Looking back further. I'm seriously saddened the Democrats didn't do the right thing for the American People way back in 2008 / 2009. National Single Payer Healthcare. Make healthcare efficient, have competition among providers, but give every person the right to healthcare as part of the social contract and the taxes they pay.

I'm still hopeful that when the pendulum swings back the other way we can end the nightmare of all the damned paperwork and billing and having to do annoying renewals every bloody year.

dhampi•35m ago
I used to be befuddled by this too. Then I lived in the U.S. for a few years.

I think the answer is that the democrats are shockingly bad too, in many parts of the US. People expect grift and corruption from both parties.

Perhaps they didn’t expect the scale of this admin’s grift.

o11c•22m ago
The part you're missing is that a very large number of voters (on both political sides) expect nothing but outright grift and corruption from both parties. And they're not wrong to do so.

Remember, Trump won both times against a candidate who was anointed by the powers that be, not chosen by the people. (Hillary Clinton at least went through the motions of holding primaries, but Kamala Harris didn't even have that).

So people say - out of the two corrupt parties, I might as well vote for the one that isn't actively attacking me.

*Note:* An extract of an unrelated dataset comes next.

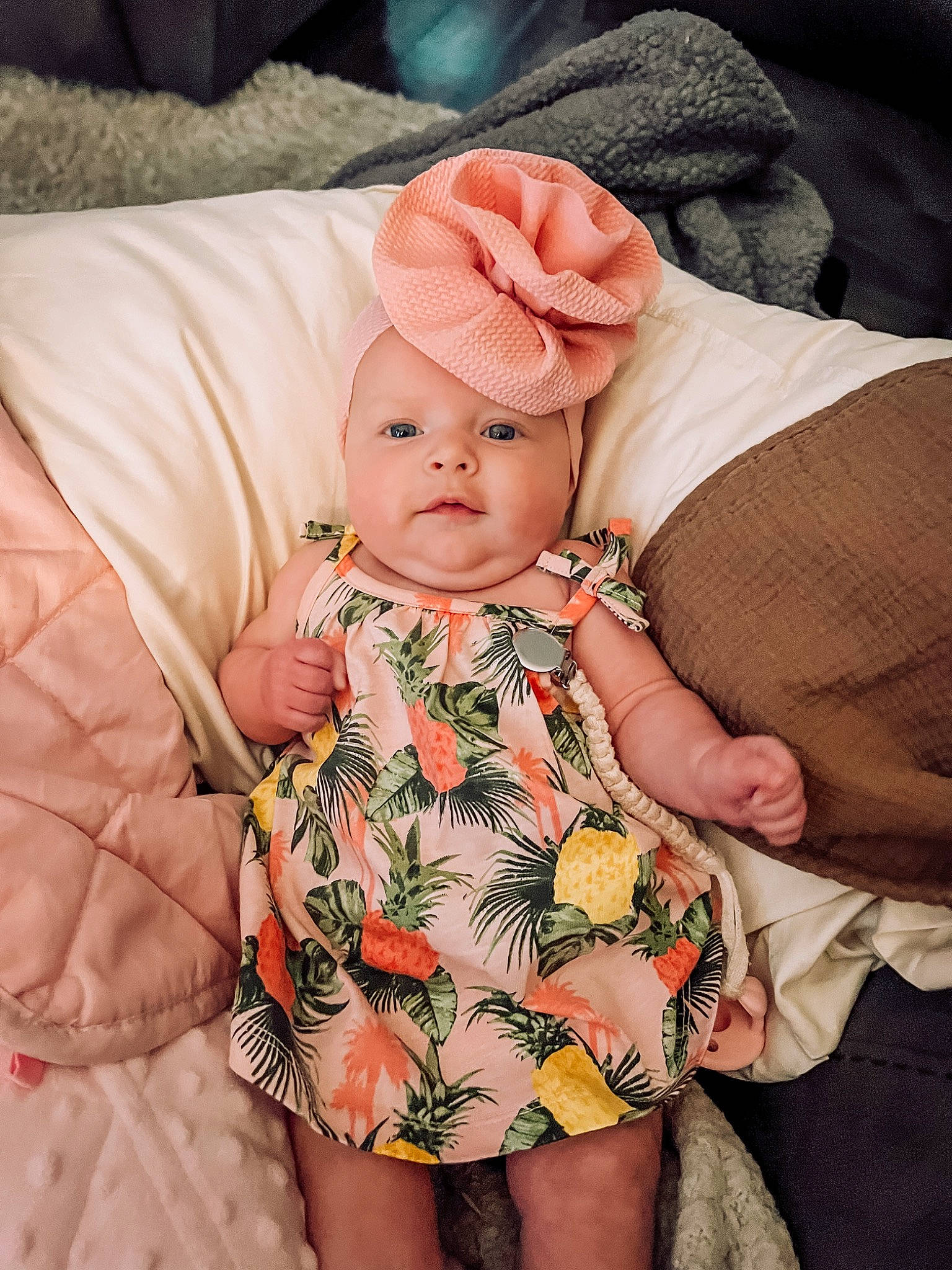 Blakelee joined the competition — help win amazing prizes! baby, baby_sleeping, baby_toddler_clothing, cap, cheek, child, comfort, day_dress, face, finger, head, headwear, nail, pattern, person, pink, sitting, skin, sleeve, textile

Keep in mind that Democrats will declare you an outcast if you disagree with any single line of the party agenda - and they're currently pushing at least 3 ideas each of which is strongly rejected by some (independent) fraction of the voterbase.

riffraff•10m ago
That is very understandable, and the chant of "they're all the same" is common in other countries too.

But, noone was as bad a president as Trump in recent decades, as shown by his approval during the first term, so the re-election is still baffling.

The information bubble, coupled with terrible democrats' strategy, seems a better explanation of the election results, IMHO.

m-hodges•49m ago
Its wild to me how many people justified his re(!!!)-election on a bunch of hypotheses as if we didn’t have an entire first term of empirical evidence of how he operates.
zoeysmithe•33m ago
These weird trump hagiographies need to go. Its clear he's a failure and a conman and an incredible bigot and awful human being way before 2016, VERY clear in 2016-2020 and inexcusable to vote for him in 2024 or support him in any way, shape, or form in 2025.
kaycebasques•12m ago
> provided confidential mortgage pricing data from Fannie Mae to a principal competitor

It seems like the Fannie Mae data was shared with Freddie Mac. Aren't they both quasi-government organizations? GSEs. So they're both supported by the government but there's a firewall between them to keep some semblance of competition?